Adolescents who perceived that their fathers disapproved of teen sex were more likely to make safer choices about sex as young adults, the researchers found. This suggests that fathers’ attitudes about delaying sex are protective for male and female young adults’ sexual health.
“Our study suggests that if a father tells his teen he thinks they should wait to have sex, the teen is more likely as a young adult to use condoms, have fewer sexual partners, and take fewer sexual risks overall,” said Grossman. “It’s powerful to see that teens’ relationships with their fathers make a difference in their health years later.”
Prior research found that mothers’ disapproval of teen sex had similar effects, which suggests that talking with teens about sex is an important task for both mothers and fathers. Though children of teen mothers have a higher likelihood of risky sexual behavior as adults, this study found no differences between children of teen mothers and children of adult mothers when it comes to the impact of fathers’ parenting.
The data used in this paper came from the National Longitudinal Study of Adolescent to Adult Health, a national study funded by multiple agencies that resulted in a large shared set of data on 15,000 people. Grossman and her team’s work was funded by a grant from the Eunice Kennedy Shriver National Institute of Child Health and Human Development at the National Institutes of Health.

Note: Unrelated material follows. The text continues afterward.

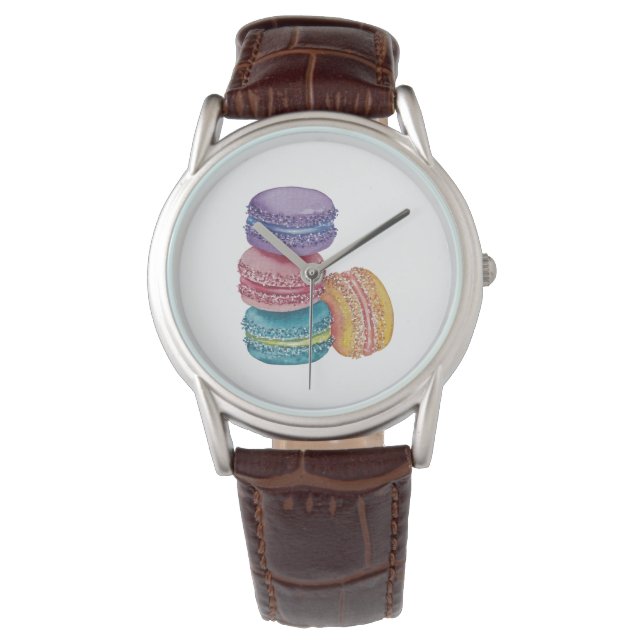 Reloj De Pulsera Macarones De Arcoiris Cuidados En Acuarela (Anverso)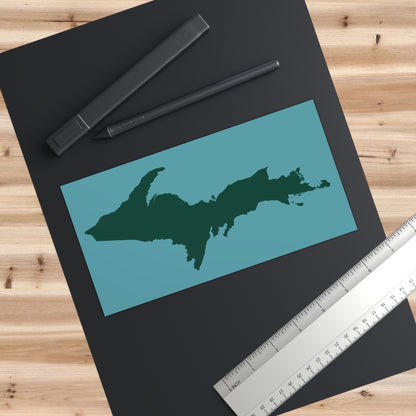 Michigan Upper Peninsula Bumper Sticker (w/ Green UP Outline) | Huron Blue Background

What can parents take away from the study? Conversations about sexual health are not solely the domain of mothers; fathers should get involved, no matter the gender of their child.
“Conversations with teens need to go beyond when it’s ok to have sex,” said Grossman. “Express caring and concern for their health and safety. Talk with them on a regular basis about sex and relationships, and share your values—because it seems that dads’ engagement with their teens can really make a difference in their children’s future health.”